Wind power? You think wind power won't cause environmental problems? Assume the issue of the variability of wind is solved, however--what do you think happens when you start extracting a lot of power from the movement of the atmosphere? Guess what--climate change!
Put windmills on a hill: wind blowing across those hills has some of its energy of motion extracted by the windmills. The air doesn't move as far, or maybe as fast, as it otherwise would; will this have any effect on the environment downwind of the windmills? How about 50 years down the road? 100? Put up enough of them and you'll make the change obvious in a handful of years. And windmills kill birds. What will you do about that?
Solar panels--making them makes pollution. They degrade over time, so you'll have to replace them, and they can't be made more than about 20% efficient at best right now, so you'll need a lot of solar panels to make as much power as a 10 megawatt coal plant.

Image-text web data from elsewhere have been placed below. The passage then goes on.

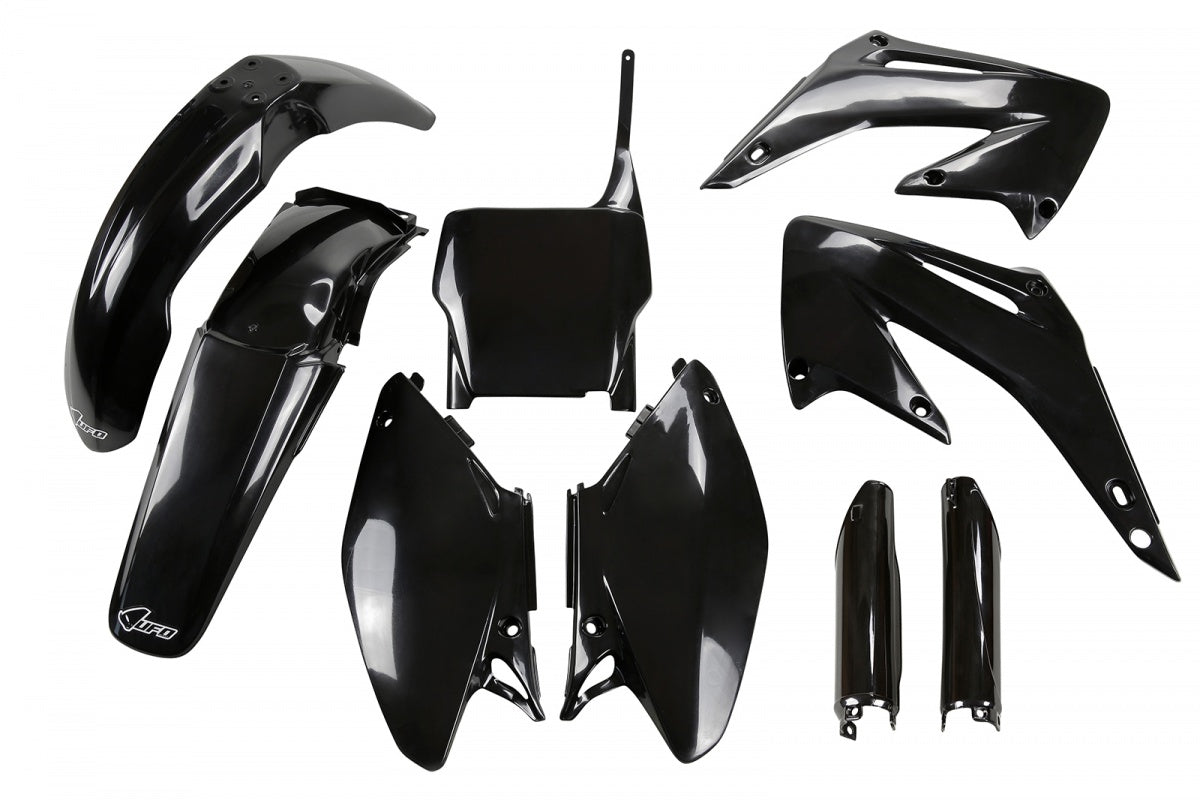 UFO plastic kit Zwart Honda CR 125/250R 05-07 ( full kit )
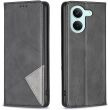Чехол-книжка с карманами UniCase Geometric Pattern для Xiaomi Poco X8 Pro - Black (409020B)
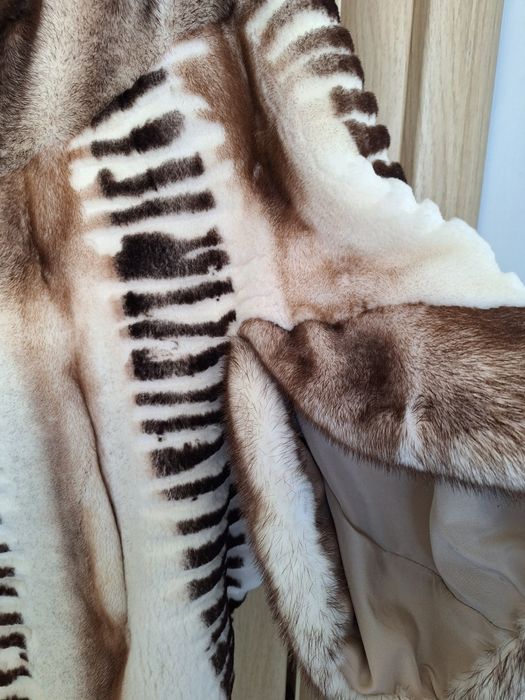 Палто норка и чинчила уникално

Let's see, a kilowatt per square meter times 0.2 is 200 watts per square meter. 10 megawatts divided by 200 watts per square meter makes 50,000 square meters--a square 223 meters on a side.
Assume that a square meter of solar cells costs $1000. (Maybe it will, maybe it won't; certainly if you want to buy a solar panel that big for your house, $1000 is cheap.) That's $50,000,000 worth of solar cells. And it only makes power when the sun is shining. And when there are no clouds in the way. Clouds attenuate sunlight, reducing the power output of the solar cells; so for cloudy days you need even more solar cells to make up for the difference. Let's say a total of 100,000 square meters of solar cells will do the job; that's $100,000,000 worth of solar cells.
10 megawatts will supply a small city. Maybe 100,000 people, maybe a bit more. Or maybe I'm overly optimistic--but let's say I'm not.
There are 290,000,000 people in the United States. The annual power usage of the USA comes to around 28 terawatt-hours; to supply that energy with solar power would take 140,000,000,000 square meters of solar panels--that would make a square almost 375 kilometers on a side.
Hell, cover the state of Arizona with solar panels. That ought to do it.
And it would cost $140,000,000,000,000.
...actually, it wouldn't, because that level of production would ensure that solar panels were dirt cheap. But the "environmental consequences" of such a move would make the current flap about "climate change" look like a birthday party. Not to mention what it would do to our economy. Maybe if you factor in the opportunity costs of spending the entire GDP for the next 14 years on making solar panels, then it actually would cost that much--so I think my estimate is pretty reasonable, actually.
My point is that Google's plan is pie-in-the-sky. It's nice, and I'm sure it makes them all feel good, but it's not doing to do jack squat to fix the problems they're trying to address.
But, you know, we do actually have a renewable power source--right now!--that we could be using to generate power cheaply, cleanly, and with little waste left over.
This is it. All we need is for the eco-loonies and the Luddites to get the fuck out of the way.